*How to complete this task:* Repeat exactly the lines of the records below, starting at the line containing "Zeemlederen knooplaarsjes ( kleine" and ending at the line containing "Kia Niro 1.6". Leave the pictures out.

Material supplied below:

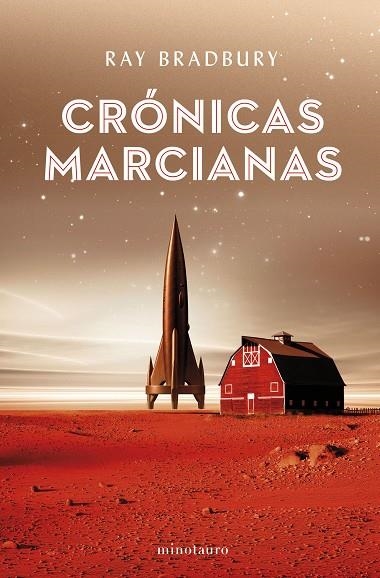 CRÓNICAS MARCIANAS | 9788445006740 | BRADBURY, RAY | Llibreria La Gralla | Librería online de Granollers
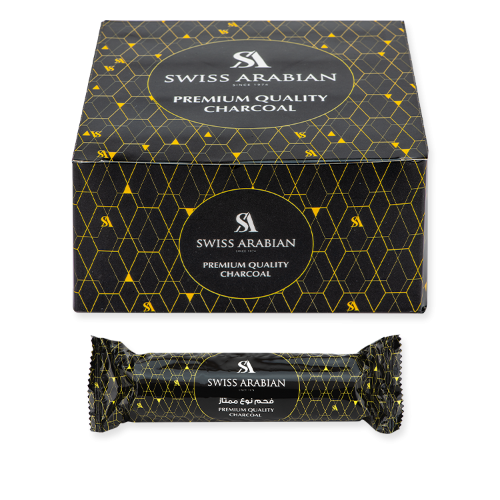 Swiss Arabian Charcoal Agarwood Tablets W2B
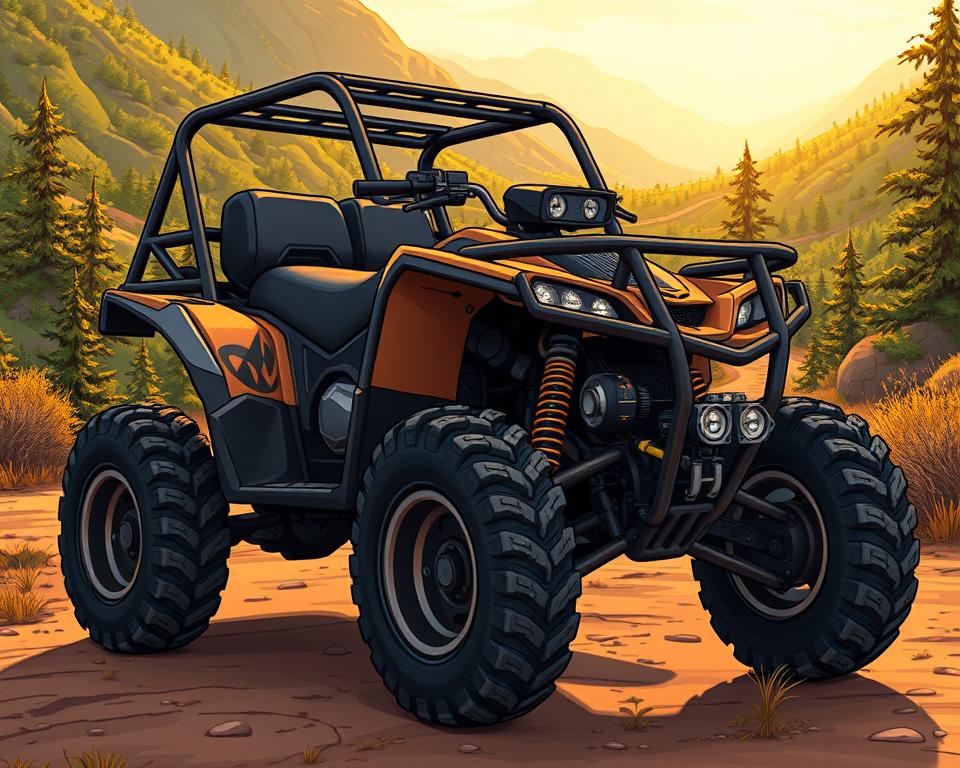 Comparing 30 Inch vs. 32 Inch Motohavoks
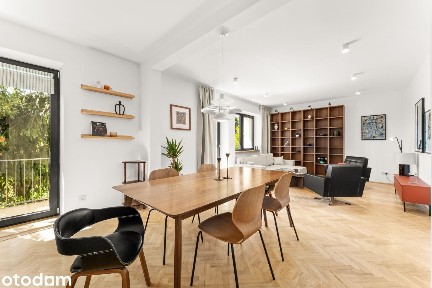 REZERWACJA | Nowoczesny, przestronny apartament 84 m² | Bielany
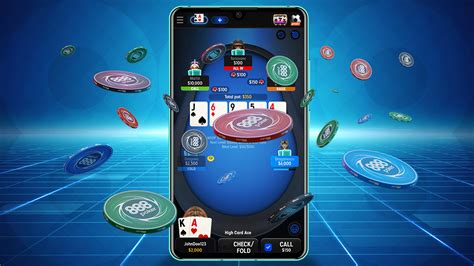 app 888 poker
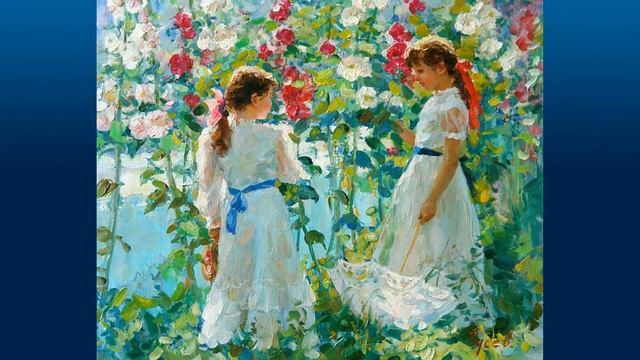 Мальвы смотреть онлайн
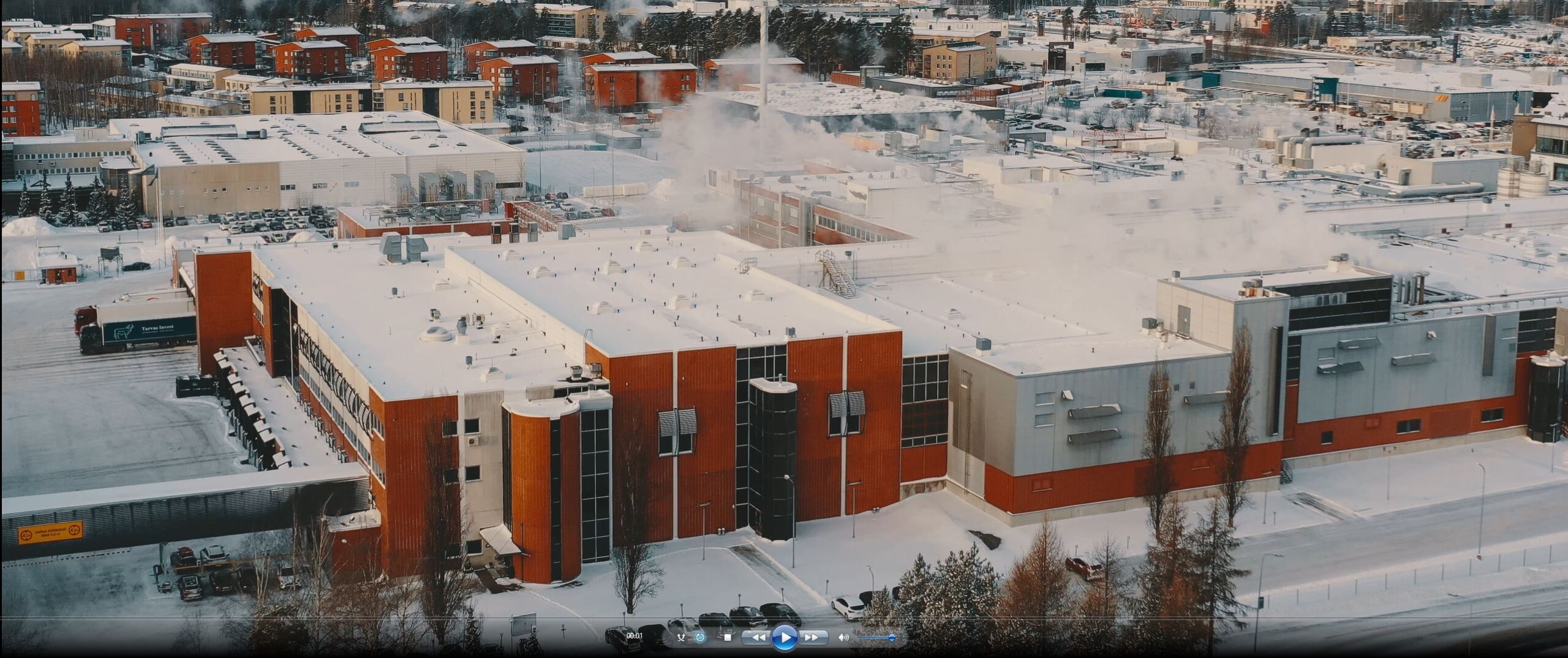 HKFoods keskittyy ruokaan ja Auris Energia höyryntuotantoon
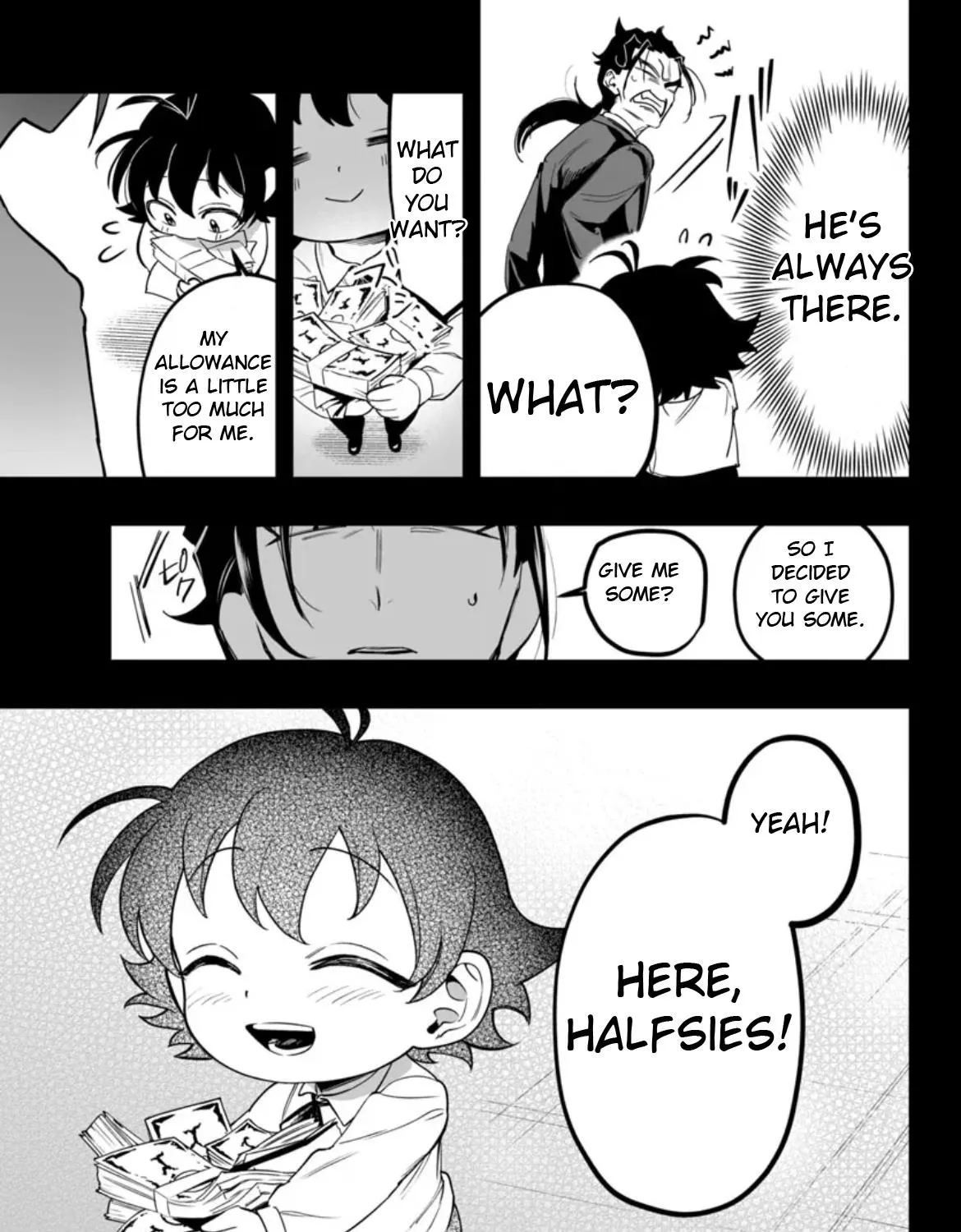 Mairimashita! Iruma-Kun Mafia Au Zinmanga X Chapter 2 Page 61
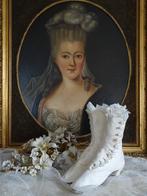 Zeemlederen knooplaarsjes ( kleine maat ), Ophalen of Verzenden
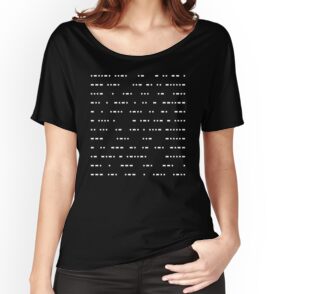 Women's Relaxed Fit T-Shirt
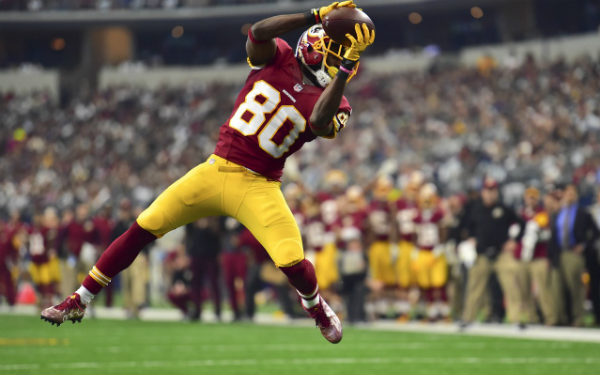 Fantasy Football: Washington Redskins' Jamison Crowder heating up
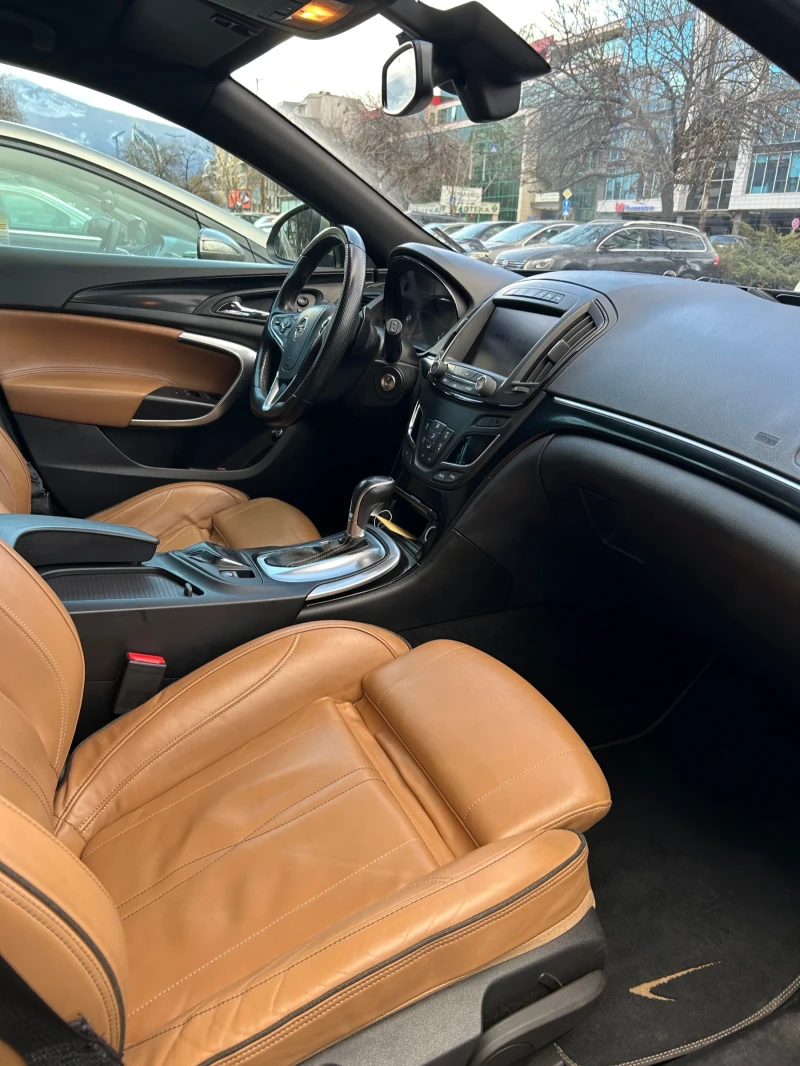 Opel Insignia country tourer, снимка 7 - Автомобили и джипове - 52966021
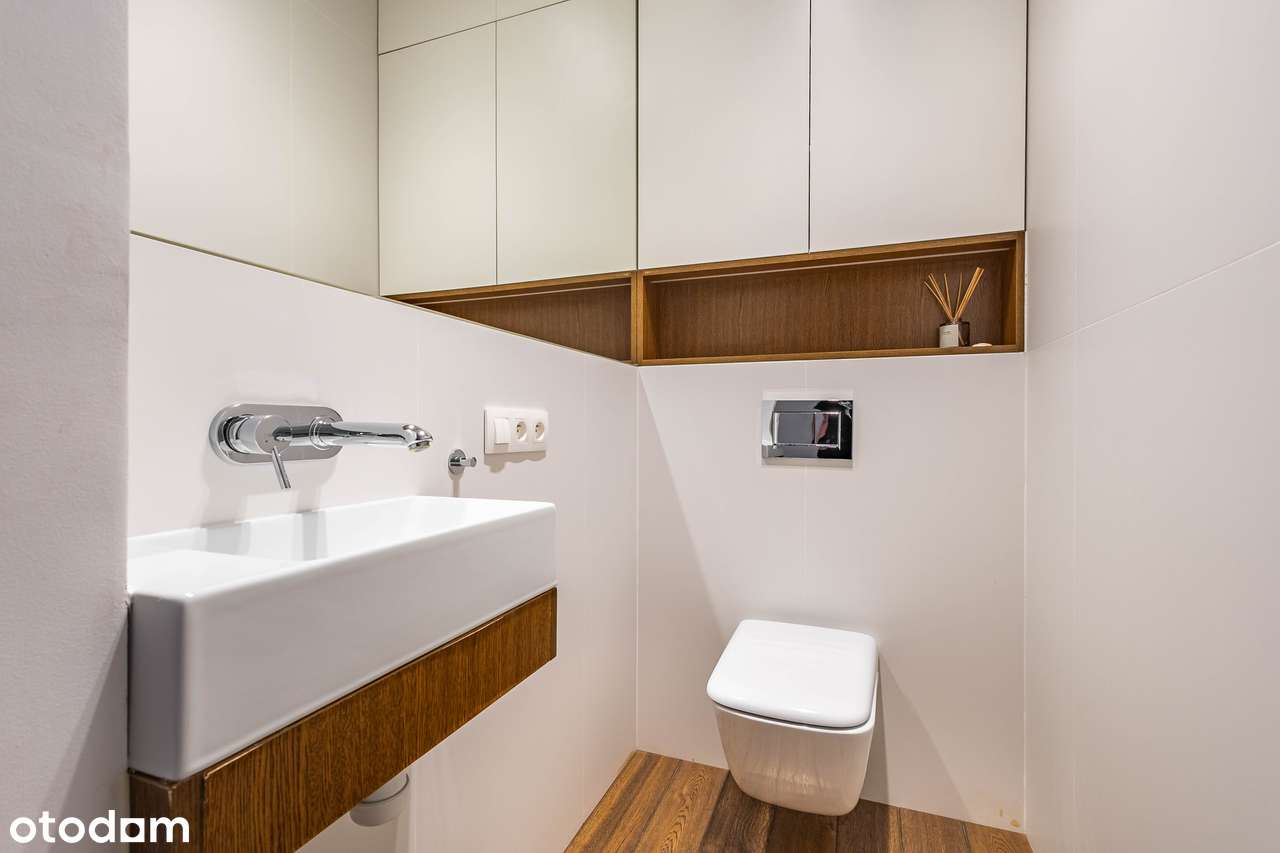 Cichy Potok ! 4 pokoje ! Garaż ! Zielony Mokotów ! Klimatyzacja-6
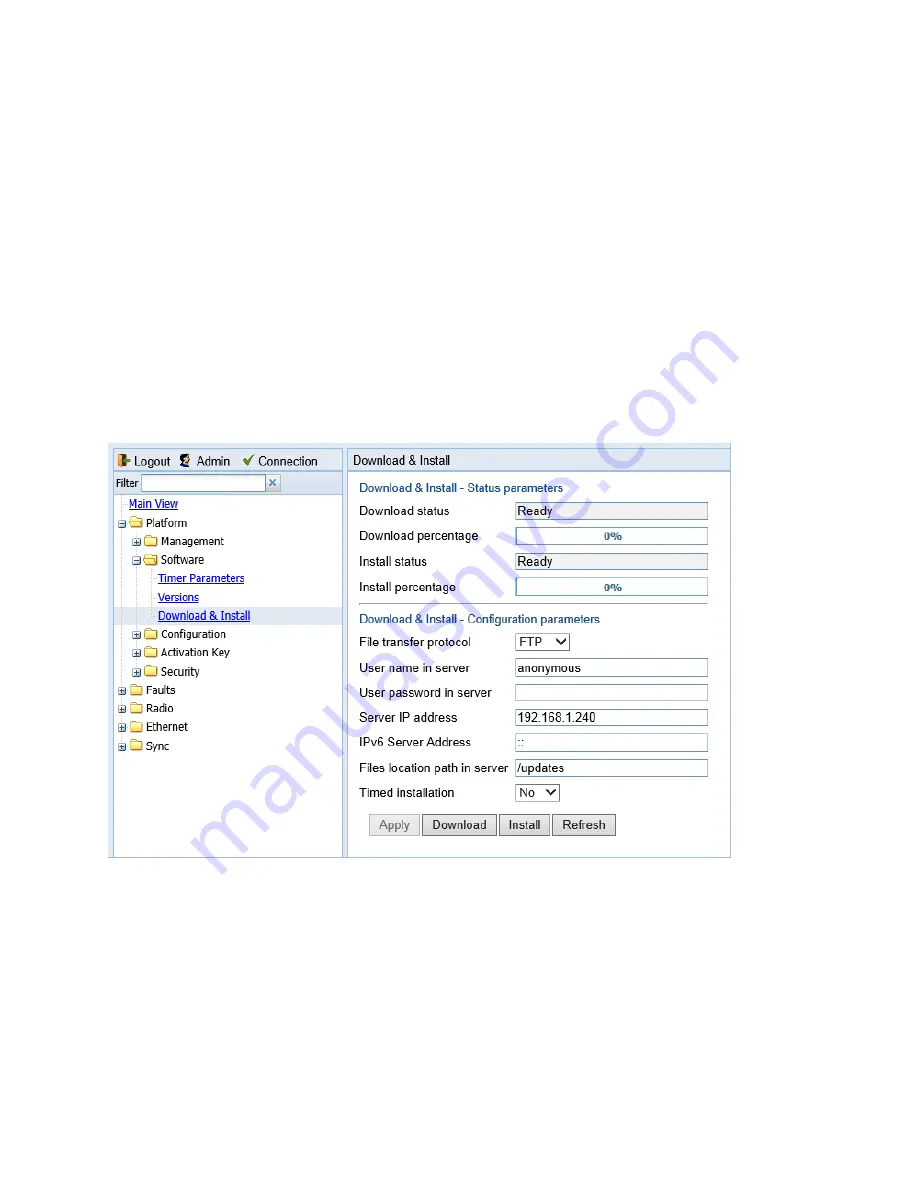 Cambium Networks PTP 820C User Manual Download Page 139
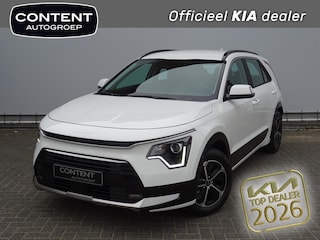 Kia Niro 1.6 GDi Hybrid 129pk DCT6 DynamicLine SNEL LEVERBAAR EN DIVERSE KLEUREN MOGELIJK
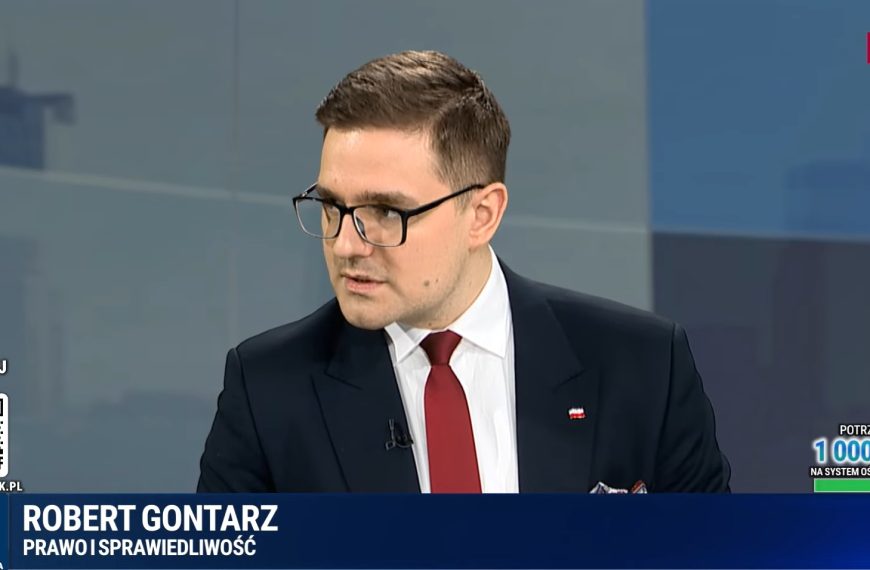 Gontarz: najcenniejszym zasobem Polski są dzieci!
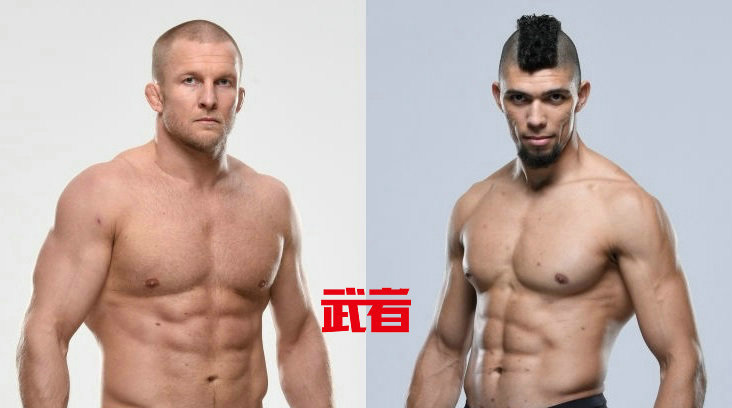 巴西新秀乔尼·沃克替补出战UFC 235对阵米沙·瑟库诺夫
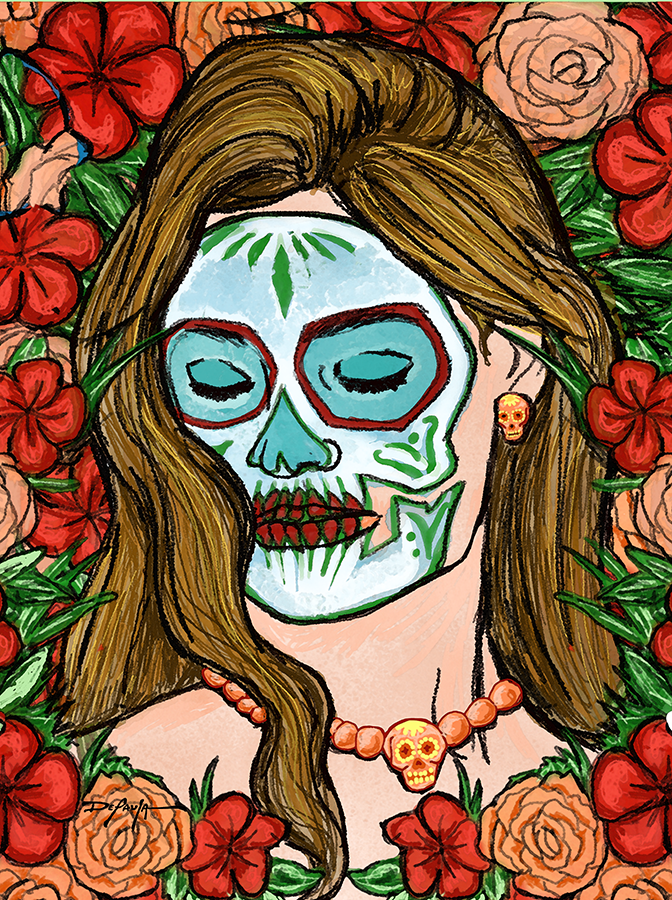 Dia De Los Muetos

End of Material supplied.

*Answer to this exercise:*
 Zeemlederen knooplaarsjes ( kleine maat ), Ophalen of Verzenden
 Women's Relaxed Fit T-Shirt
 Fantasy Football: Washington Redskins' Jamison Crowder heating up
 Opel Insignia country tourer, снимка 7 - Автомобили и джипове - 52966021
 Cichy Potok ! 4 pokoje ! Garaż ! Zielony Mokotów ! Klimatyzacja-6
 Cambium Networks PTP 820C User Manual Download Page 139
 Kia Niro 1.6 GDi Hybrid 129pk DCT6 DynamicLine SNEL LEVERBAAR EN DIVERSE KLEUREN MOGELIJK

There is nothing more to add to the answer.